_Supplied data_
......

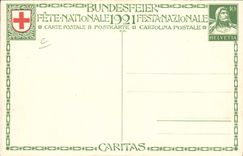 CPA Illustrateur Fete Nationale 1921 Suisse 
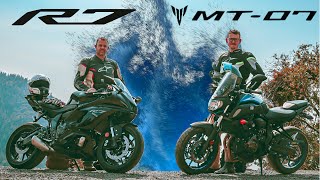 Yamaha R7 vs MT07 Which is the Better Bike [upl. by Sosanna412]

......

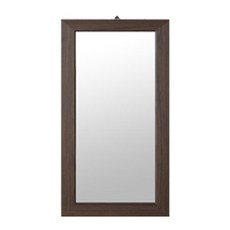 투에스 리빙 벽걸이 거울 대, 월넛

......

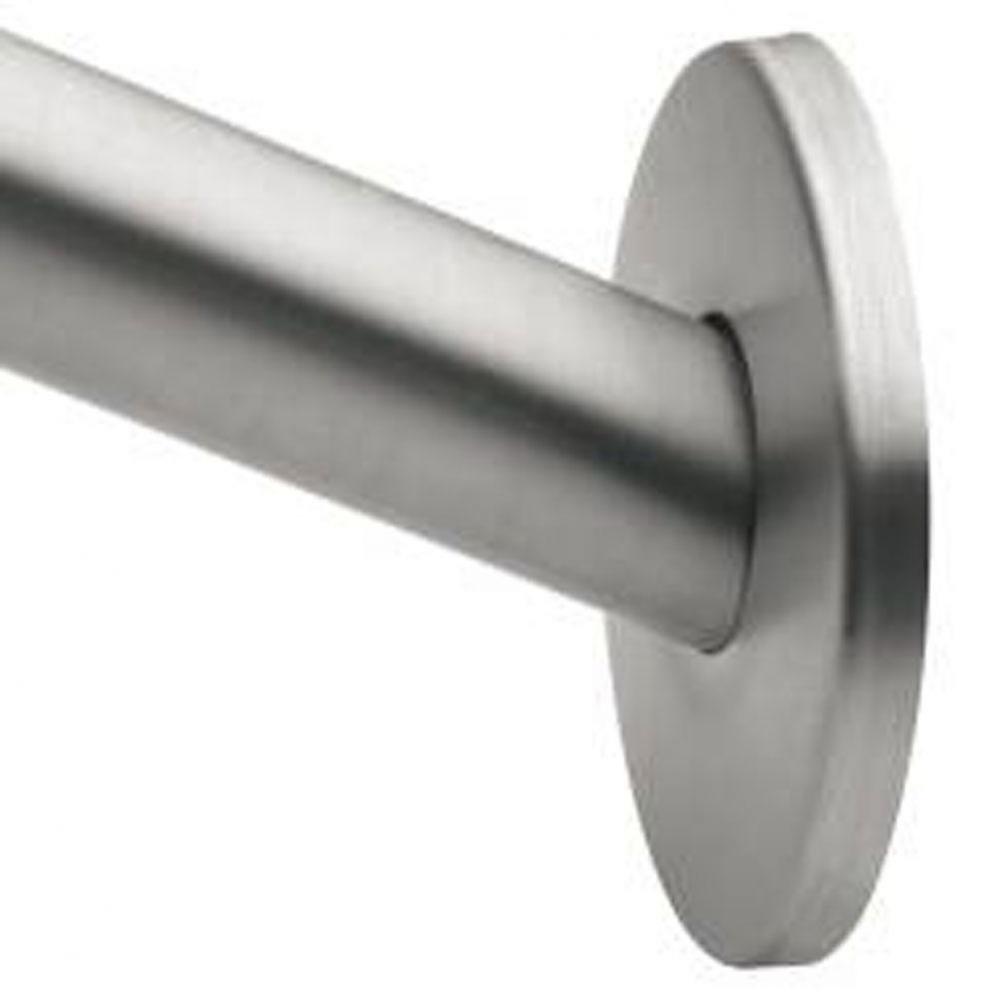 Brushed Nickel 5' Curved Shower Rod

......

_Task statement_
Reproduce, exactly and only, the lines of the records above starting at the line with "CPA Illustrateur Fete Nationale 1921 Suisse" and ending at the line with "Yamaha R7 vs", both included. Leave every picture out.

_Answer for the task_
 CPA Illustrateur Fete Nationale 1921 Suisse 
 Yamaha R7 vs MT07 Which is the Better Bike [upl. by Sosanna412]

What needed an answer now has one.